Isoquant Run Time, RAM Usage and Logging on Single-cell Long Read Data

[GaryWang7]

Hi,

Thank you for developing this tool. I have been trying to use IsoQuant with my data, but the run takes a lot of RAM usage and a long time (not finished yet).

Specifically,

• My data: single cell long-read ONT generated from 10X cDNA, demultiplexed by BLAZE (133GB fastq), then mapped to mouse genome by Minimap2 and converted to BAM file, which is 61.9 GB.
• The run time has been 48 hours with 36 threads. The average RAM usage is 154.4 GB. and average CPU efficiency is 60.85% (based on statistics from the High Performance Cluster where I am running the data). It took almost 24 hours to process chr17.

My questions:

1. Would it be possible to improve the RAM usage and CPU efficiency for single-cell datasets? I know this might be too much to ask, but it would be great if there could be improvements so IsoQuant can be run on my local workstation with less RAM. I read from a previous issue that this may be caused by gene regions having excessive reads, and I think this might be the cause in my case.
2. Is it possible to get a live output in the command line like "xxxx/yyyyy reads processed" for each chromosome? The log has been stuck at these two lines for quite a while. I have no idea what is happening (like if there is an error in parallelization or just too many reads)
3. Would you recommend any demultiplexing/barcode extraction tools for sc long-read ONT data from 10X cDNA to use with isoquant?

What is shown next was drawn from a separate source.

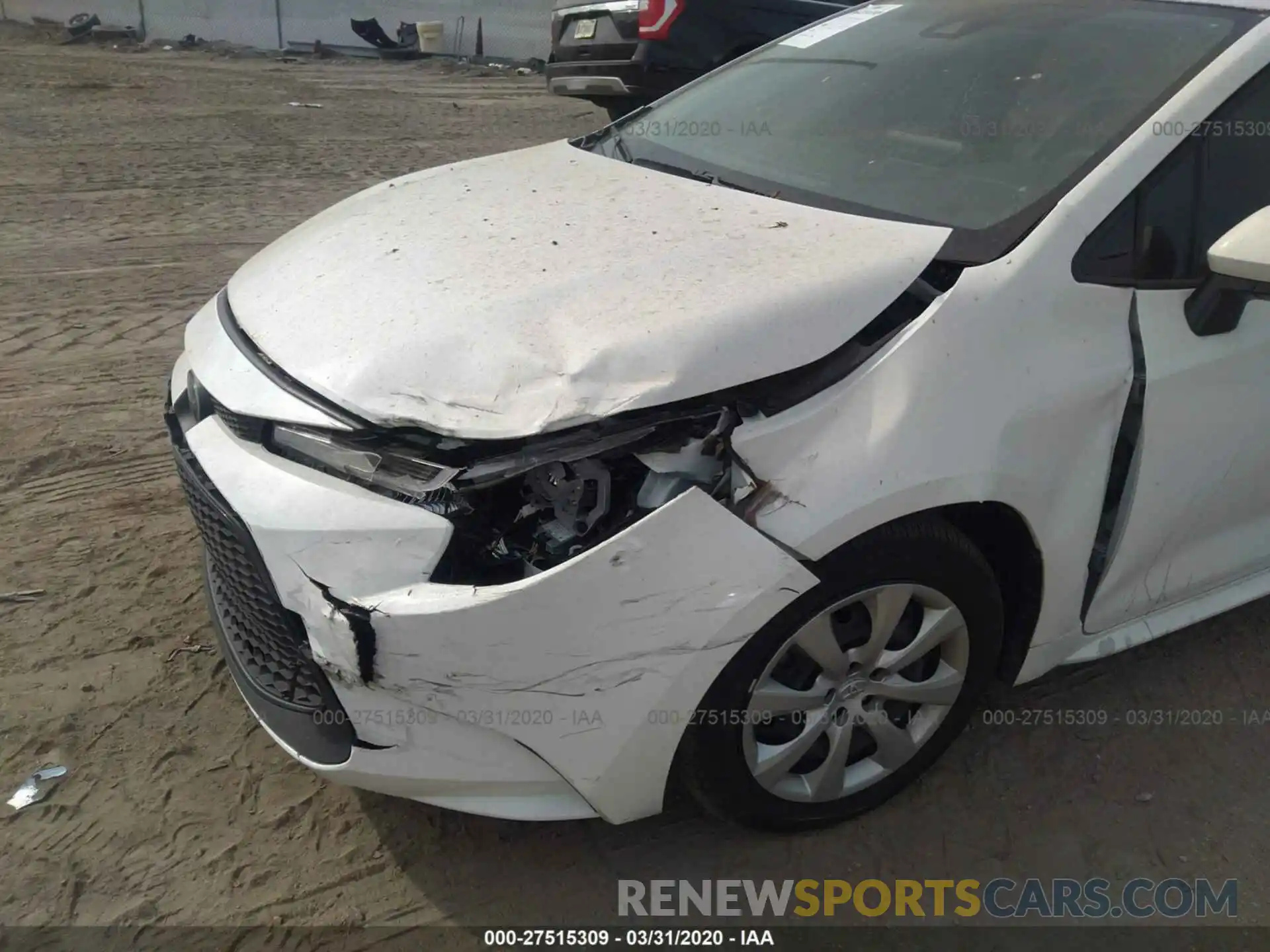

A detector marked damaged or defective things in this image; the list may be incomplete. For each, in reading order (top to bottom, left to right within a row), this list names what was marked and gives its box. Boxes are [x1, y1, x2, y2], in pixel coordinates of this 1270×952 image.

cracked headlight lens [273, 426, 462, 500]
damaged front bumper [166, 360, 812, 822]
torn bumper cover [166, 368, 812, 822]
crumpled hood [228, 141, 950, 439]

I guess after running IsoQuant I have to write some code assigning the transcripts to each individual cell for now.

My command line for Isoquant: isoquant.py --reference {reference fa} --genedb {GENCODE reference gtf} --bam {bam file} --threads 36 --sqanti_output --data_type nanopore -o {output folder} Thanks again for bringing this tool! Gary

[andrewprzh]

Dear @GaryWang7

Thanks for the feedback!

Would it be possible to improve the RAM usage and CPU efficiency for single-cell datasets? I know this might be too much to ask, but it would be great if there could be improvements so IsoQuant can be run on my local workstation with less RAM. I read from a previous issue that this may be caused by gene regions having excessive reads, and I think this might be the cause in my case.

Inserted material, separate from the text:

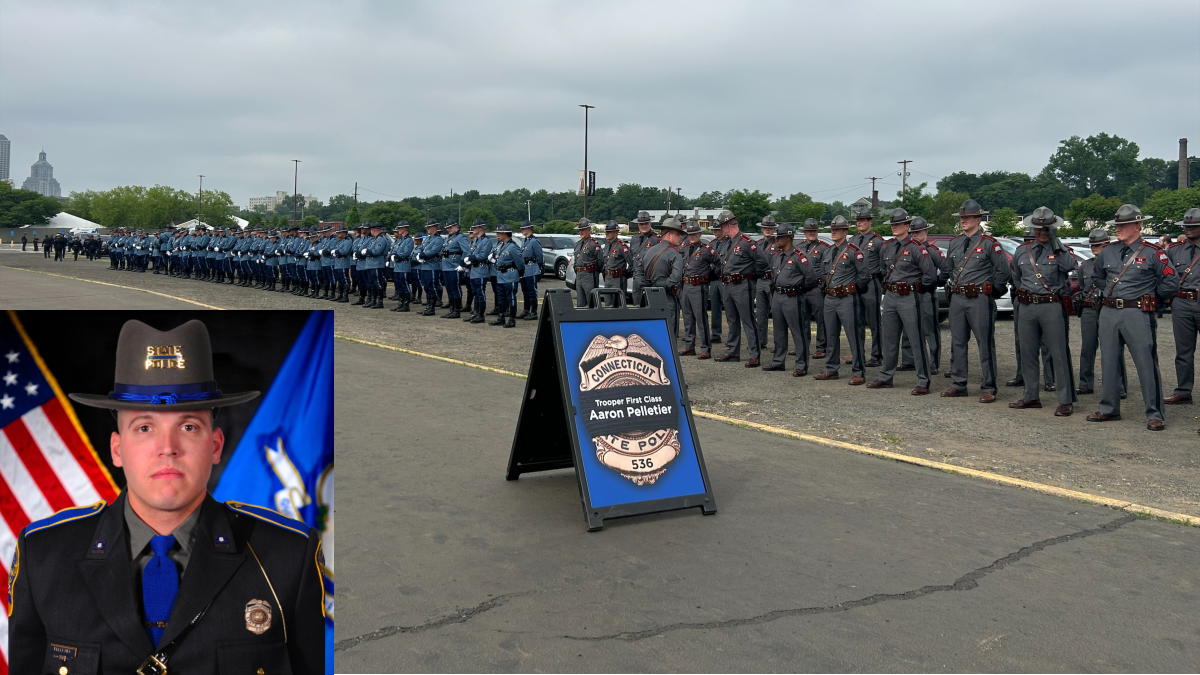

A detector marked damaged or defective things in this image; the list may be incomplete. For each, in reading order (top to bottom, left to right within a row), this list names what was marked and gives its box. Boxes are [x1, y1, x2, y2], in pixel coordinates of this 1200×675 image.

crack in pavement [333, 590, 530, 648]
crack in pavement [566, 511, 1137, 638]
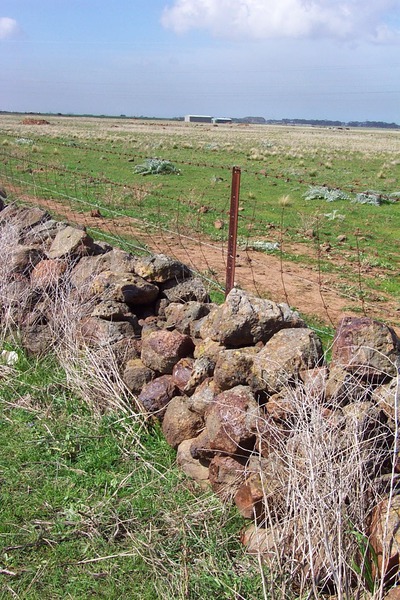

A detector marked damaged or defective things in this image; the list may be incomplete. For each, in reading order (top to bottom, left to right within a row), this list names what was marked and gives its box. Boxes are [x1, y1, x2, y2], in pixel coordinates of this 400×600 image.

rusty metal fence post [225, 165, 241, 296]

One of the way of reducing RAM is lowering the number of threads. since each thread works independently. CPU efficiency may also depend on the disk IO. Reading a BAM file in 36 threads simultaneously might be not very efficient.

Overall you are right about extremely high-coverage genomic regions. Since I'm working on large single-cell datasets, I aim to work on performance improvements at some point.

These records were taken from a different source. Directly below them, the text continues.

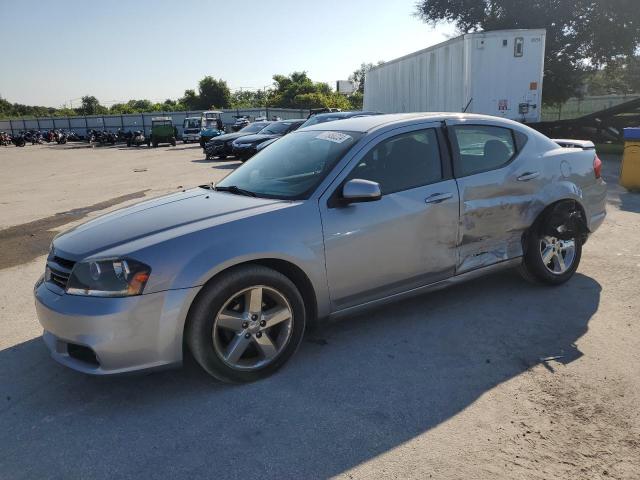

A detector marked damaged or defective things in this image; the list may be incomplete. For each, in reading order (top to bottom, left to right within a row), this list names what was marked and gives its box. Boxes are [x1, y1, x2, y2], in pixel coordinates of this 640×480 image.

damaged vehicle [33, 112, 604, 382]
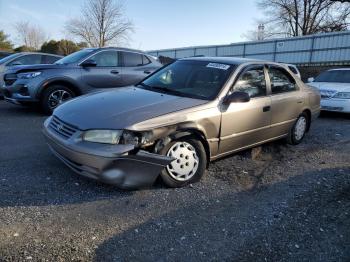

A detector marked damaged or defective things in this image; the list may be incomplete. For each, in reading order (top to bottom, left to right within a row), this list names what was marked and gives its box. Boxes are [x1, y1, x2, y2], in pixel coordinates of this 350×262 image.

dented hood [54, 86, 208, 130]
damaged front bumper [42, 118, 174, 188]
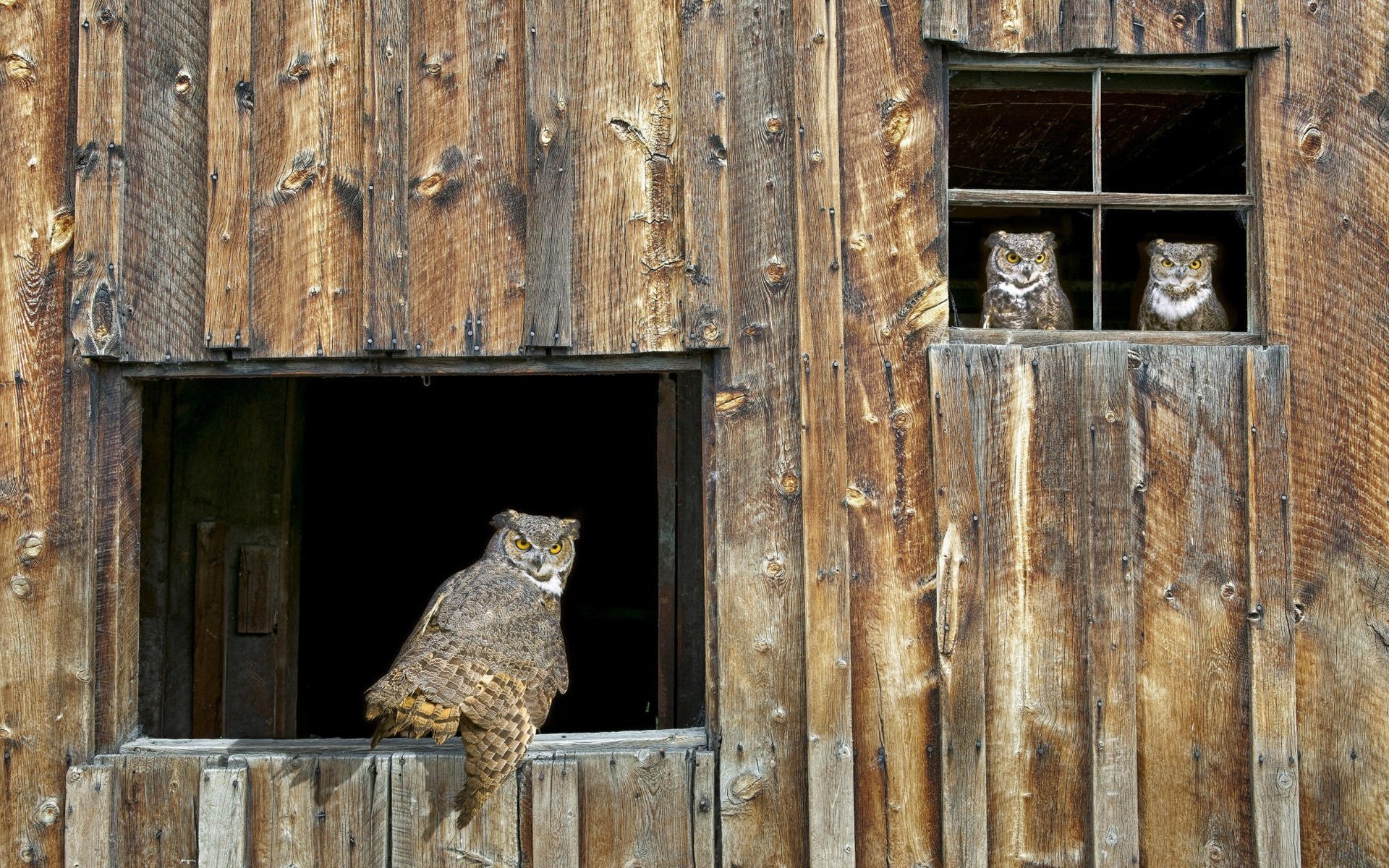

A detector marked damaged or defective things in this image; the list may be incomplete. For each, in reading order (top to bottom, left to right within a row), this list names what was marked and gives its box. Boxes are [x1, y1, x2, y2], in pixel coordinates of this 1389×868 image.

splintered wood edge [115, 722, 711, 755]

Is it possible to get a live output in the command line like "xxxx/yyyyy reads processed" for each chromosome? The log has been stuck at these two lines for quite a while. I have no idea what is happening (like if there is an error in parallelization or just too many reads)

That's sounds like a cool idea for long-processing chromosomes. Either I will do that for the next release, or allow different threads to process different parts of the same chromosome (which is a bit tricky architecture-wise).

Would you recommend any demultiplexing/barcode extraction tools for sc long-read ONT data from 10X cDNA to use with isoquant? I guess after running IsoQuant I have to write some code assigning the transcripts to each individual cell for now

I'm using something of my own, which is quite naive, but based on simulated data yields high (99%+) precision and okay recall. It's available for beta-testing if you'd like to try it out, but it's not published or released yet.

Best Andrey

[andrewprzh]

New IsoQuant 3.4 is released. It has better performance, especially for long-processing chromosome, like the one in the figure above. On my test dataset running time decreased from 3 days down to 3-4 hours. Closing this issue for now.